Material shown section start
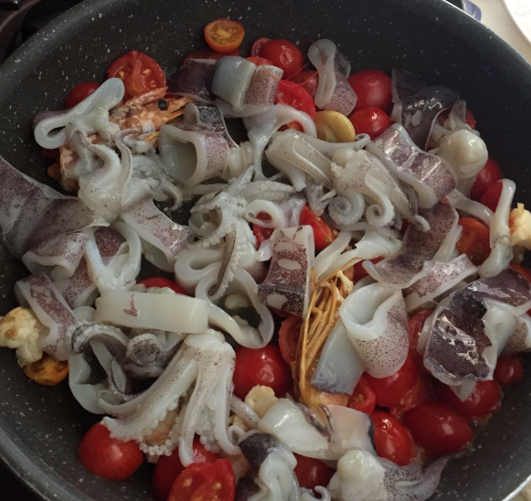 Preparazione ricetta pasta con calamari seppie e scampi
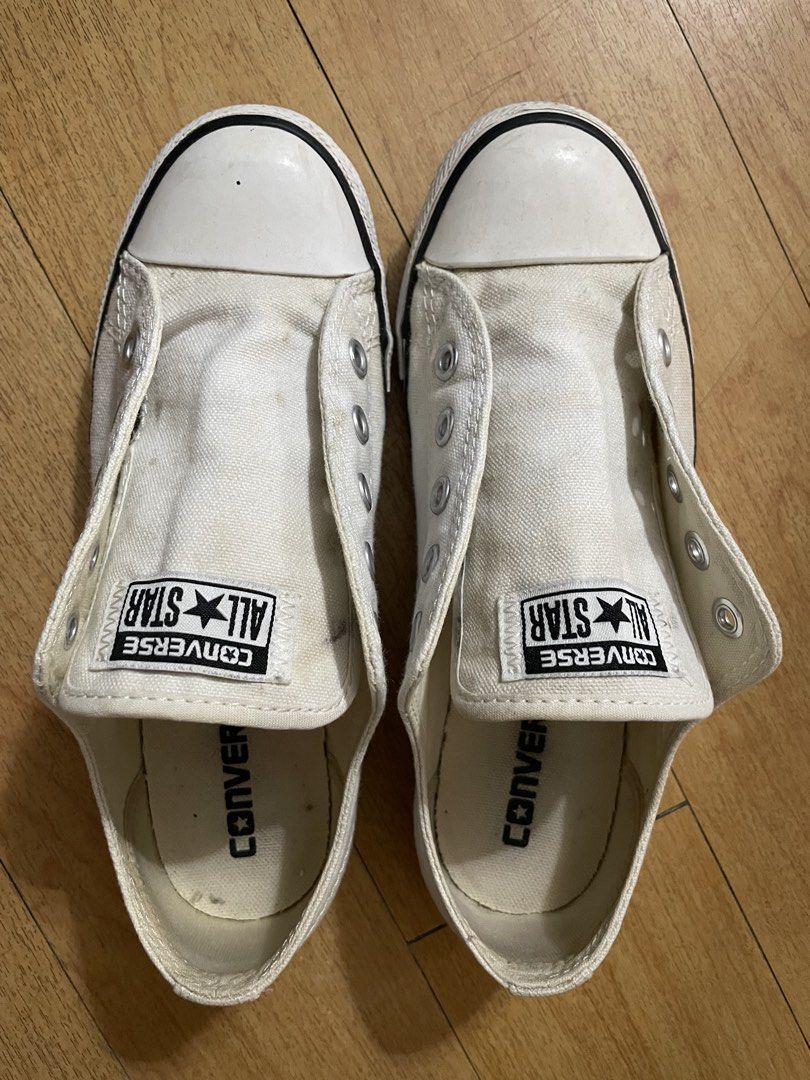 30% OFF‼️White Converse Chuck Taylor sneakers, size 5 (22cm) (Category: Sneakers) located in Quezon City. Submitted by khaligurl (Listing ID 1464621031, Image 3). Description: More items on SALE‼️Check my listings. ❌THEN: ₱975 ✅NOW: ₱683 (30% OFF) Condition: Lightly Used (Personal used) • White Converse Chuck Taylor All Star low-top sneakers • Size 5 (22cm) •Need wash, exterior show signs of use (dust and stain) •Well-maintained, never repaired A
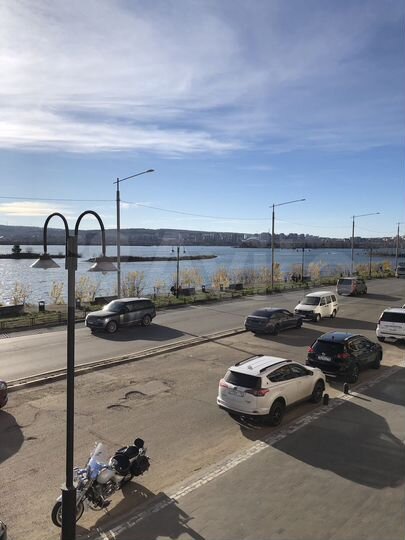 2-к. квартира, 40 м², 1/3 эт.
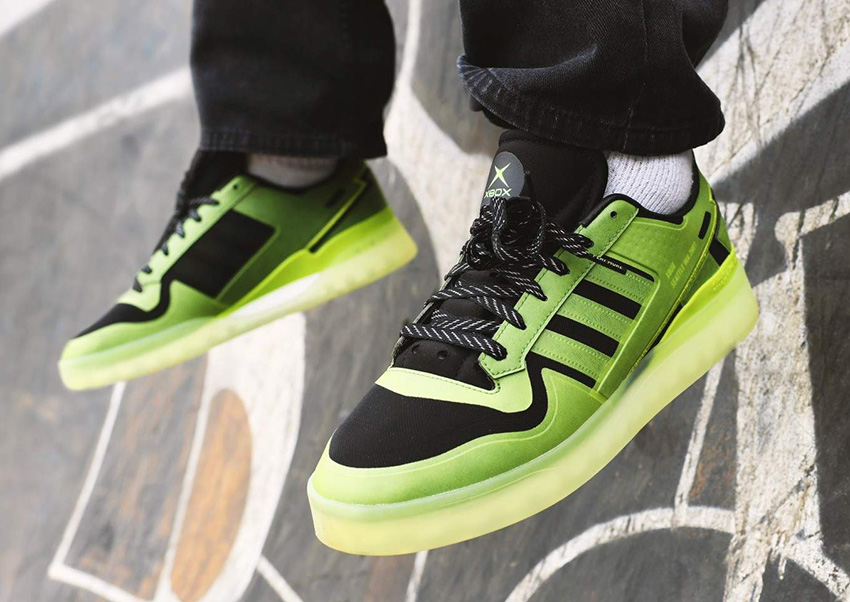 Adidas показа маратонки с логото на Xbox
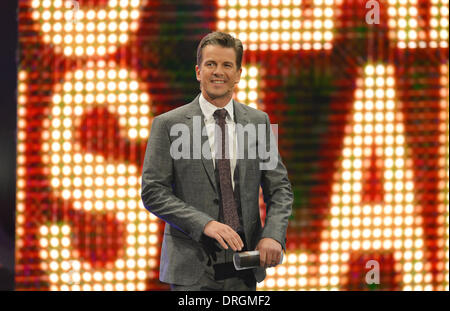 Karlsruhe, Deutschland. 25. Januar 2014. Moderator Markus Lanz beherbergt die Germen TV-Spielshow "Wetten, dass..?" (lit.) möchte darauf wetten, dass.?) im deutschen öffentlich-rechtlichen Fernsehen ZDF in Karlsruhe, Deutschland, 25. Januar 2014. Foto: Uli Deck/Dpa/Alamy Live News Stockfoto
Material shown section end
- Required action
Leave the pictures out and repeat exactly the lines from the beginning of the records to the line bearing "Adidas показа маратонки с логото на Xbox", both ends counted.

- Result below
 Preparazione ricetta pasta con calamari seppie e scampi
 30% OFF‼️White Converse Chuck Taylor sneakers, size 5 (22cm) (Category: Sneakers) located in Quezon City. Submitted by khaligurl (Listing ID 1464621031, Image 3). Description: More items on SALE‼️Check my listings. ❌THEN: ₱975 ✅NOW: ₱683 (30% OFF) Condition: Lightly Used (Personal used) • White Converse Chuck Taylor All Star low-top sneakers • Size 5 (22cm) •Need wash, exterior show signs of use (dust and stain) •Well-maintained, never repaired A
 2-к. квартира, 40 м², 1/3 эт.
 Adidas показа маратонки с логото на Xbox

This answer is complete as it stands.